В контексте бесполого трусоватого постмодерна “Дом боли” выделялся резкостью выдумки и выходящим далеко за край литературной игры живописным натурализмом. В Олеге Хафизове чувствовалась злость, мужское начало, раздражение литературой и её правилами.
Вторая вещь его — “Магнусов” была также опубликована в “Волге” годом позже. Сюжетная игра в детектив, более мрачная, чем в “Доме боли”, и менее игра, чем в “Доме боли”. Более заметны терзанья автора перед вечным антагонизмом жизни и литературы: если кит на слона залезет, кто кого поборет? Злость автора привлекала. Не житейская злость на худое жизнеустройство и не социальная скорбь, а злость от бессилия: что же стоит за тем, что мы видим, и что понуждает претворять виденное в слова и довыдумывать? В “Магнусове” не было густоты письма, как в “Доме боли”, не было юмора, который всеми оттенками чёрного переливался в первом сочинении.
Первый сборник Олега Хафизова содержит шесть рассказов. Главное впечатление: не автор постмодернист, а персонажи. Что ж, и в жизни и в литературе, с возрастом повинуясь неумолимому времени, так приятно ворошить грехи радикальной юности.
Рассказы “Только сон” и “Несмеяна” объединены рассказчиком; может быть, это Олег Хафизов, или кто-то очень ему близкий, кто не желает не то, что принять, но даже и пытаться понять, что “проклятый сон” жизни идёт к концу и надо лишь очнуться ото сна…
Всего шесть, но сборник кажется объёмным. Может быть потому, что рассказы разные… “Чужой дом” — анекдот по всей форме анекдота о том, как он пришёл, а муж неожиданно вернулся из командировки, и он сиганул в окно, а оглянувшись, увидел мужа в соседнем окне, приветливо машущего ему его носком. В своё время “Волга” отвергла этот рассказ. Сейчас я думаю, что мы были неправы, ничего не разглядев за анекдотом.
Великое дело для малых жанров — сборник, где рассказ перекликается с рассказом, а одно стихотворение напоминает о другом.

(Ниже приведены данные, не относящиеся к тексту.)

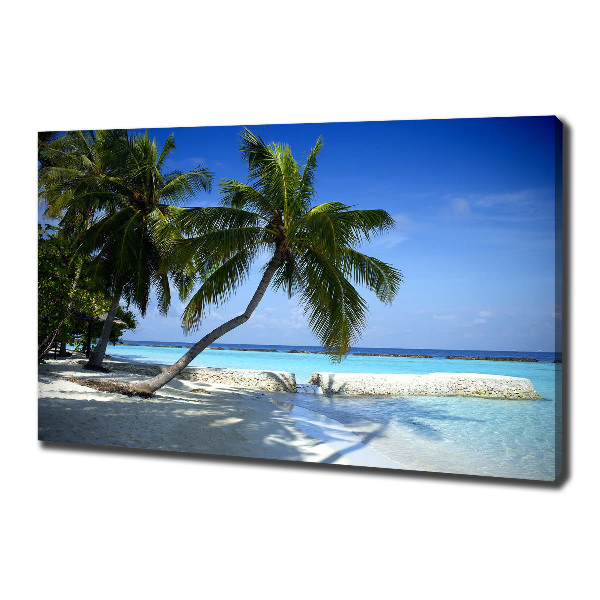 Canvas wall art Tropical beach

Только сейчас, в книге, я остановился ровно посередине рассказа между тем, как дело шло к приключению — смешно шло! — и тем, как закончилось, — тоже смешно, остановился там, где герой-любовник Перекатов, вместо того, чтобы кидаться поскорее к предмету страсти, надолго застывает перед чужим сервантом с фотографией мальчишки в давно упразднённой школьной форме…

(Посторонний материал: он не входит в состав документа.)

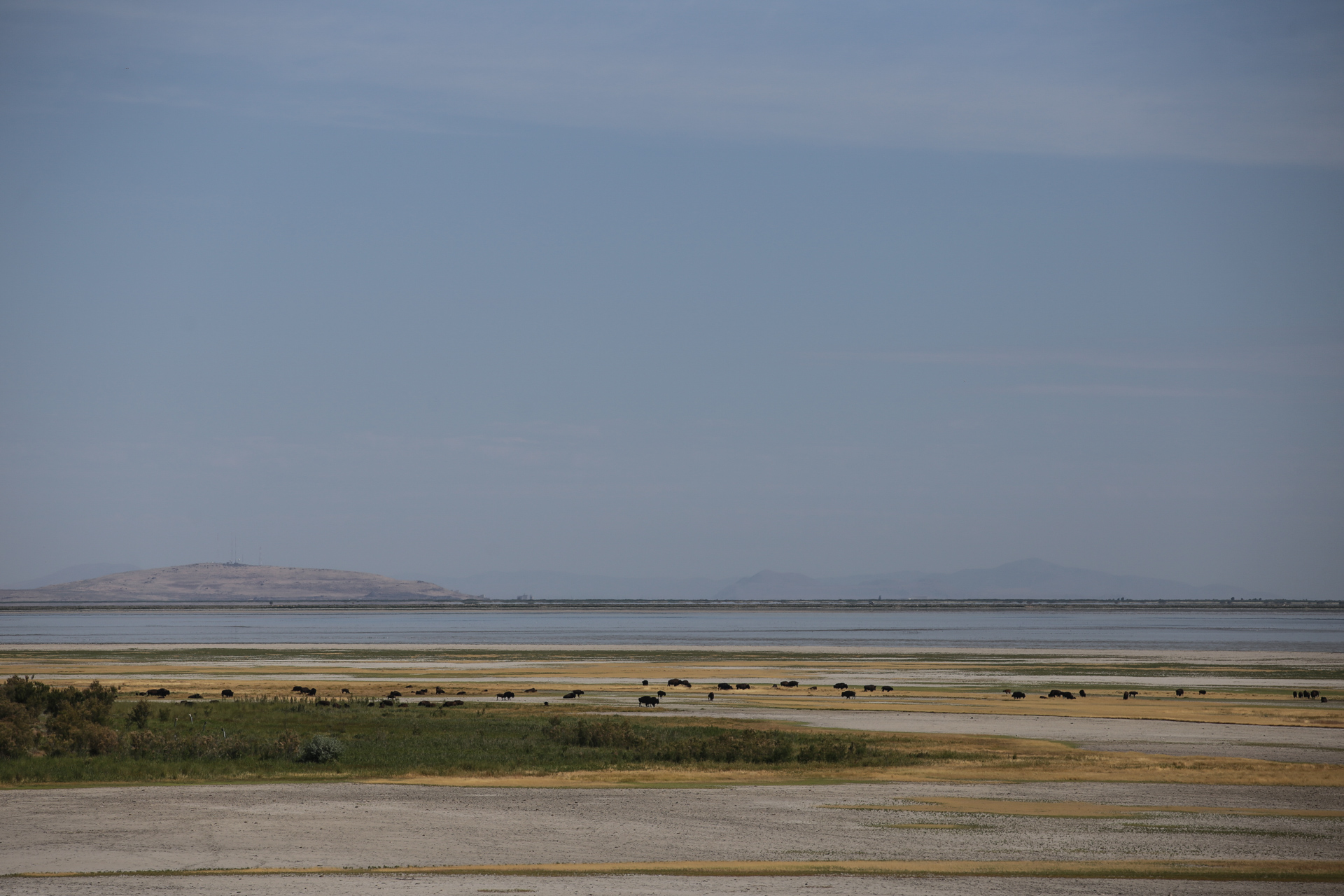 Troupeau de bisons sur l’île de Great Salt Lake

Лучшие рассказы книги — “Планета человек” и “Раздавленный небом”. Космонавт Зверев, посланный из корабля выйти на сверхпрочной верёвке на орбиту и зарисовать Землю, отрывается — командир не успевает даже “вымолвить ёбть”. И, натурально, начинает вращаться вокруг Земли ввиду той самой красоты, “о которой он сознательно и бессознательно МЕЧТАЛ ВСЮ ЖИЗНЬ”, и, в процессе такого вращенья, делаясь сам Вселенной; “шесть часов в виде Зверева живого, ещё с месяц в виде Зверева мёртвого и ещё несколько лет в виде Зверева как пустого скафандра с этюдником в железных руках”. Повествователь убеждает читателя не грустить и даже возрадоваться перед лицом вечности, так как вполне допускает — и мы охотно с ним соглашаемся, — что “под надёжной защитой скафандра Зверева существует, растёт и размножается целый мир — растительный, животный, и наконец, разумный…”. Внутрискафандровая цивилизация неуклонно распространяется по всему телу, отвоёвывая всё новые пространства, добывая из недр всё более для своего совершенствования и даже вступая по ходу дела в 1-ю, 2-ю и 3-ю зверевские войны. А там и за пределы тела устремилась неостановимая мысль обитателей…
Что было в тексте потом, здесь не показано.